Words: James Frostick
Brisbane’s The Goon Sax return with the first taste of their upcoming second album We’re Not Talking. Lead single ‘She Knows’ finds the band in an isolated headspace, looking for answers to questions that inevitably arise as one passes into adulthood.
For the most part, The Goon Sax took people unawares. Few were prepared for the combination of earnest emotion and accomplished musicianship from a group of high-school kids, but Up To Anything was a world beater and as a consequence we know that The Goon Sax deserve our ears. The Brisbane trio are making moves in the lead-up to their second album We’re Not Talking, which is shaping up to be another relatable romp through the emotions the golden years of adolescence.
The album’s first single ‘She Knows’ introduces vocalist James Harrison in an isolated mindset.
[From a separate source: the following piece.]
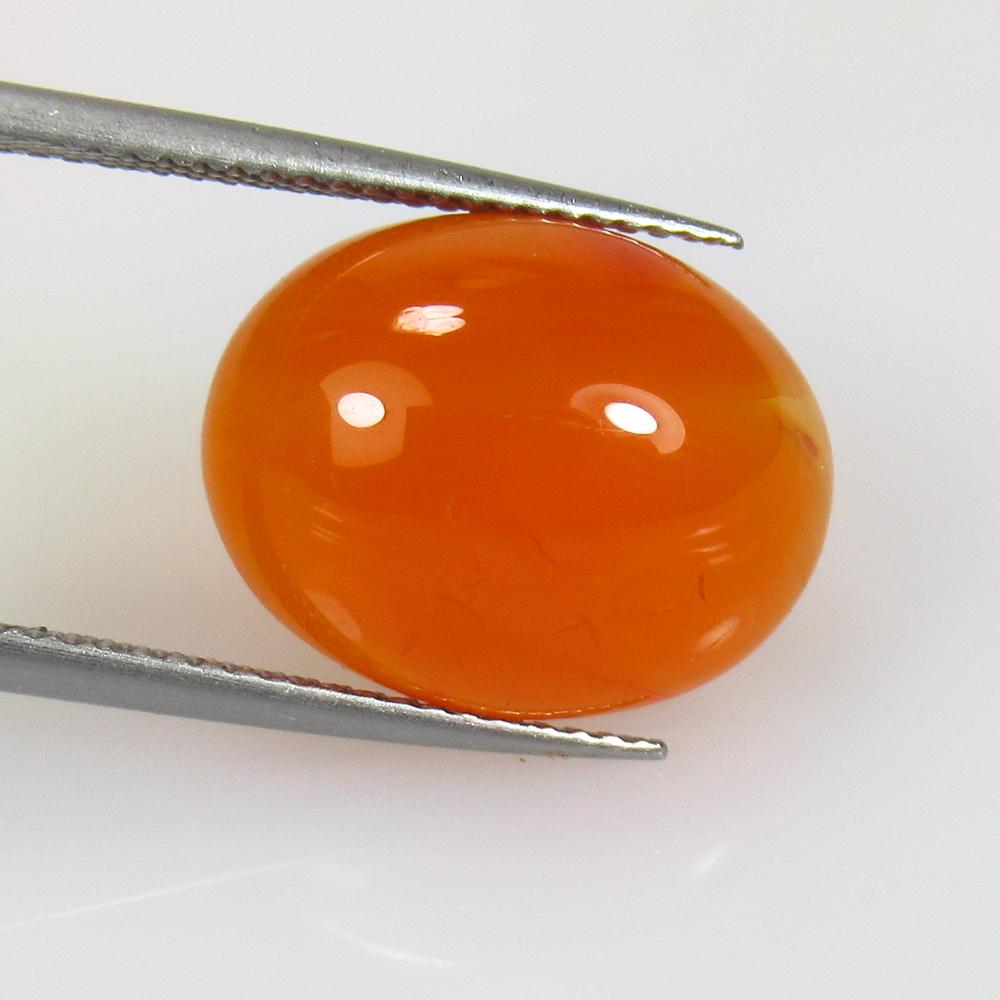 9.37 Ctw Natural Orange Carnelian Oval Cab: No Reserve! Title: 9.37 Ctw Natural Orange Carnelian Oval Cab Stone Clarity: Semi-Transparent Gemstones: Carnelian Size/Dimensions: 9.37 Carat Weights: 16.20 x 12.80 x 6.40 mm Additional Information:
He needs to talk to someone about what’s on his mind but no one is replying to his texts. When he pins someone down for a chat, they don’t seem to understand his point of view, further placing him as an outlier in his own friendship circle. The pieces aren’t fitting together neatly and James is losing hope. The crux of the disconnect seems to come from the heart, with the key lyric of the song “because I never knew what loved meant, and I still don’t” laying bare his confusion for all to see. The Goon Sax are reaching the age where big questions are asked and answers are hard to come by. Friends disappear as quickly as they appear and relationships take on a whole new meaning.
Having written Up To Anything while still in high school, it made sense for The Goon Sax to dwell on awkward romantic flirtations and self-criticisms magnified – it’s almost always what anyone thinks about at that age. It was charming and oh-so-nostalgic – the embarrassment, sweaty hands, hormonal neuroses et al. Now, slightly removed from the hyper-intense and formative influence of high school, the group are progressing into the latter years of their teens and through to their early 20s – encountering the experiences that come with true independence. The press material is preparing us for a darker approach and a stronger musical identity – a sound that grows in complexity and power, but still boasts some of shaky-legged naiveté of youth.
As for the rest of the album’s emotional heft, well, time will tell what we’re in for. The phrase ‘we’re not talking’ hits home, though – perfectly summarising strained connections and the oft-childish behaviours that arise when feelings are hurt. I’d like to say you grow out of that sort of stuff, but I’m on the cusp of 30 and am still an immature shit at times. Do I even know what love means? Some issues you never shake. The Goon Sax seem to have the whole mess pegged and they’re barely in their 20s. Personally, I can’t wait to hear how the band has grown since 2016, and I know I’m not alone now.